PROVIDENCE — One of a half-dozen potential candidates for the General Assembly seat turned down by Bristol Democrat Laufton Ascencao sent a complaint to state elections officials Thursday against the progressive group Ascencao once worked for.

Libertarian William Hunt Jr., who Ascencao beat by 29 percentage points in the November election, told the state Board of Elections he had identified several thousand dollars in discrepancies between the campaign finance filings reported by the Rhode Island Working Families Party and seven Democratic candidates they endorsed.

The complaint listed more than two dozen contributions large and small — some in-kind help, some cash — to and from the Rhode Island Working Families or its political action committee that did not match what the candidates reported.

“The two sides of the ledger don’t match,” Hunt told the Journal.

Although he did not include it in his complaint, Hunt said he was also concerned about who was paying for offices in Providence and Warren that Ascencao shared with like-minded candidates and groups, including Working Families, Energize RI, the Young Democrats of Rhode Island and the Sierra Club.

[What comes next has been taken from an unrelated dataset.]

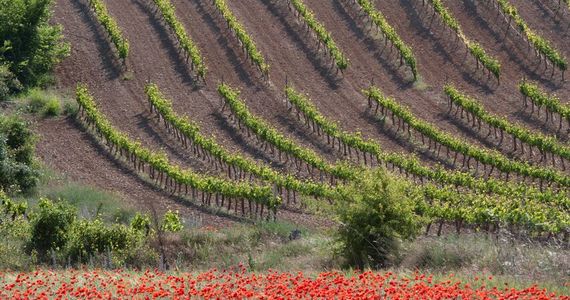 Ribera del Duero, Spain (All-Inclusive 3d/2n) – WineDestinations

Working Families state coordinator Georgia Hollister Isman Thursday acknowledged that there appeared to be some bookkeeping errors, but said they appeared small and fixable. She said most of the discrepancies appeared to be the result of different notions of what needed to be reported as a contribution or expenses being reported over different time periods.

Ascencao, 25, relented on Wednesday to a growing chorus calling for him not to be seated in the House in January after he was caught lying to local Town Council candidates about helping them and faking payment documents.

Ascencao’s excommunication from the House Reform Caucus opposed to Speaker Nicholas Mattielo was the final straw leading to his resignation and on Thursday the caucus shrank to 19 members, after Rep. Marcia Ranglin-Vassell tweeted she was bowing out as a formal participant.

Asked why she was leaving the caucus, Ranglin-Vassell, whose 2016 campaign Ascencao managed, told the Journal in an email that the cumulative toll of Ascencao’s departure and a recent injury convinced her to take a step back from the battle over House rules changes, though she still supports them.

Rep. Moira Walsh, whose 2016 campaign Ascencao also managed, tweeted on Thursday that she is “sticking with the caucus, just wishing it hadn’t been implied that we ALL put out that statement” kicking him out.

State law calls for a special election within 90 days to fill seats turned down by an election winner, but on Thursday Secretary of State Nellie Gorbea was still waiting for Ascencao to submit a formal resignation letter before scheduling the vote, spokesman Joe Graziano said.

In addition to Hunt, the current list of candidates who have said they intend to run in District 68 Thursday includes Warren Town Council President Joseph DePasquale, an independent, and Bristol Town Council member Timothy Sweeney, a Democrat.

Bristol Town Council member Andrew Tyska, who lost to Ascencao in the Democratic primary, said Wednesday night he is interested in running again. Roger Williams University political science professor June Speakman, a Democrat and one of the Warren Town Council candidates Ascencao lied to, said she is “seriously considering it.”

And incumbent Rep. Ken Marshall, D-Bristol, who did not seek reelection, said Thursday he is also mulling jumping back in.